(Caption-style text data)
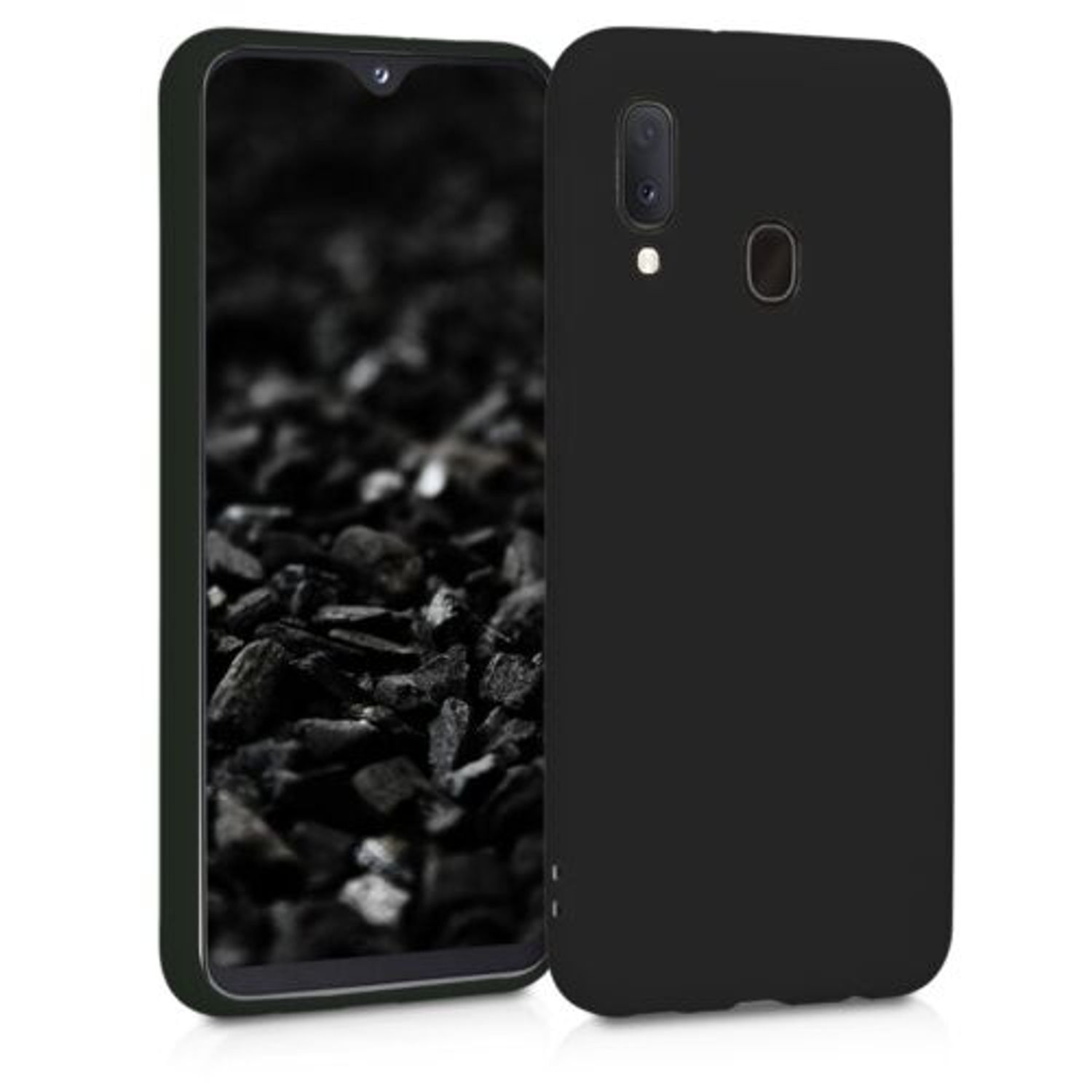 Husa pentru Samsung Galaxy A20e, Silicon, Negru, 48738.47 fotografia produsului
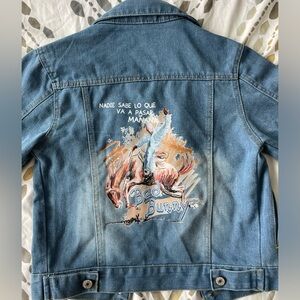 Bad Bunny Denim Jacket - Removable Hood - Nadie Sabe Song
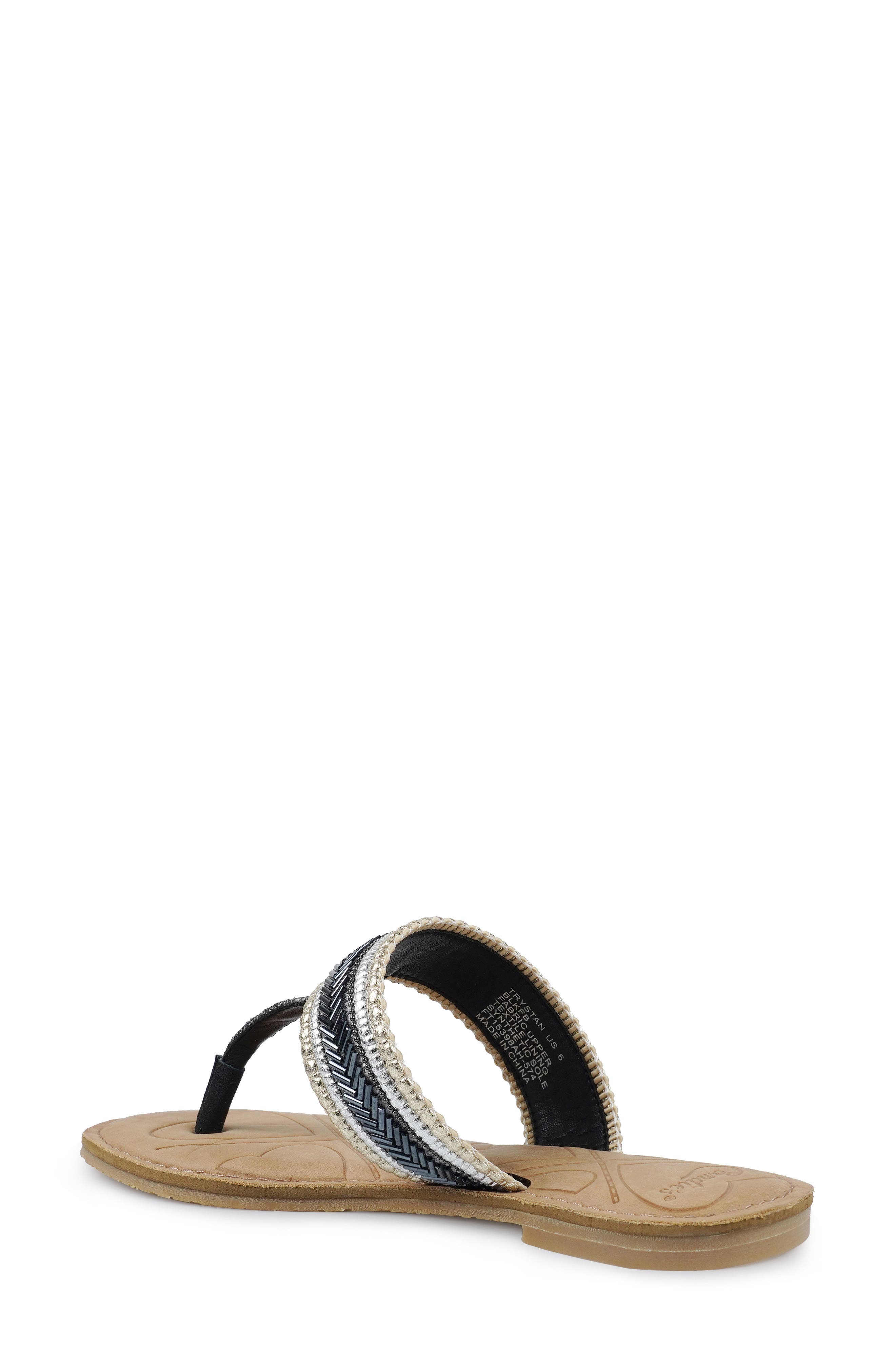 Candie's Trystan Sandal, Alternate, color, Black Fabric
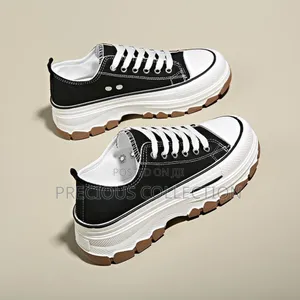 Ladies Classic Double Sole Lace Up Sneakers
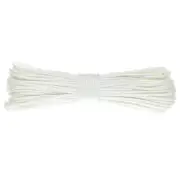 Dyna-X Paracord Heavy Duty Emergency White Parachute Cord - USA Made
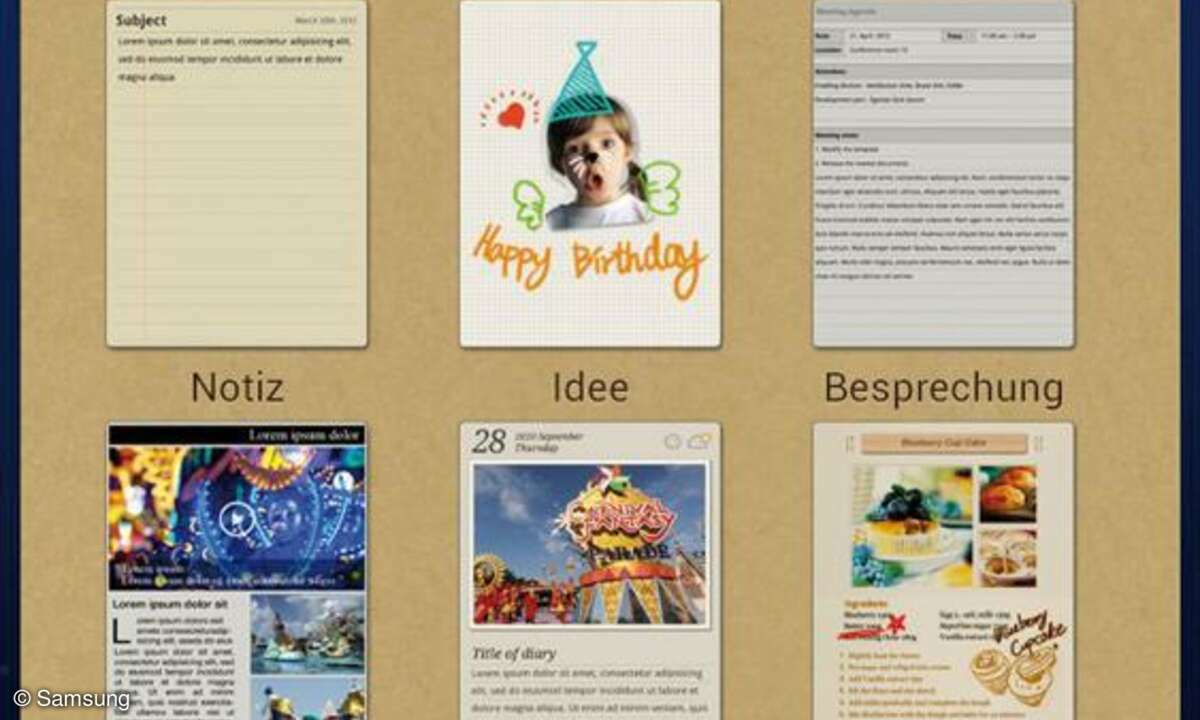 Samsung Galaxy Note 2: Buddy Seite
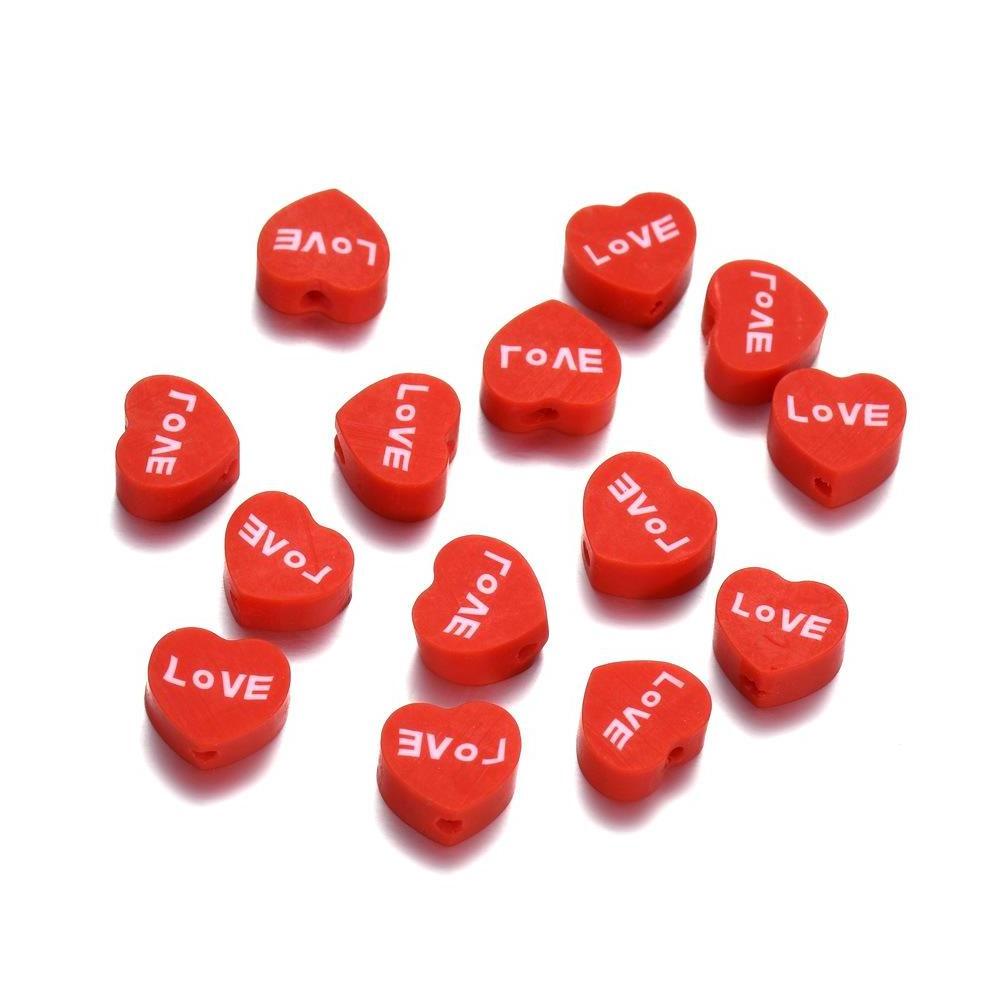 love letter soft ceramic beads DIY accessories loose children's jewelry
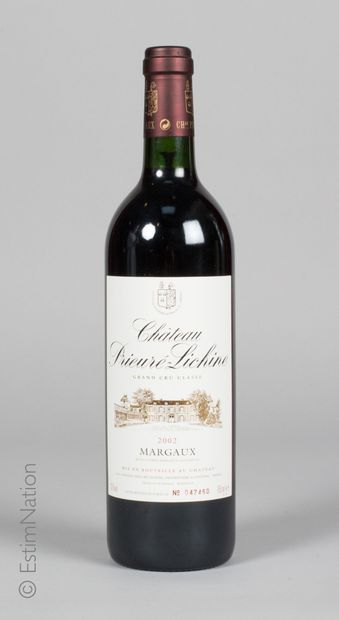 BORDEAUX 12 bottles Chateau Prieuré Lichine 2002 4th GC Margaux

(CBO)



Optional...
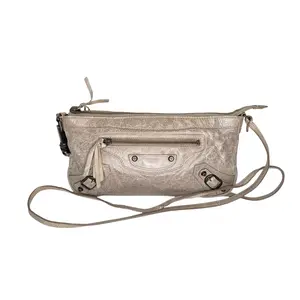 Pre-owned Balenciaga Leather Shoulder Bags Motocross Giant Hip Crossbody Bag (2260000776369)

_Task statement_
In the records above, the lines from the one containing "Optional..." through the last line are to be written out exactly, both ends included and pictures omitted.

_Expected output_
Optional...
 Pre-owned Balenciaga Leather Shoulder Bags Motocross Giant Hip Crossbody Bag (2260000776369)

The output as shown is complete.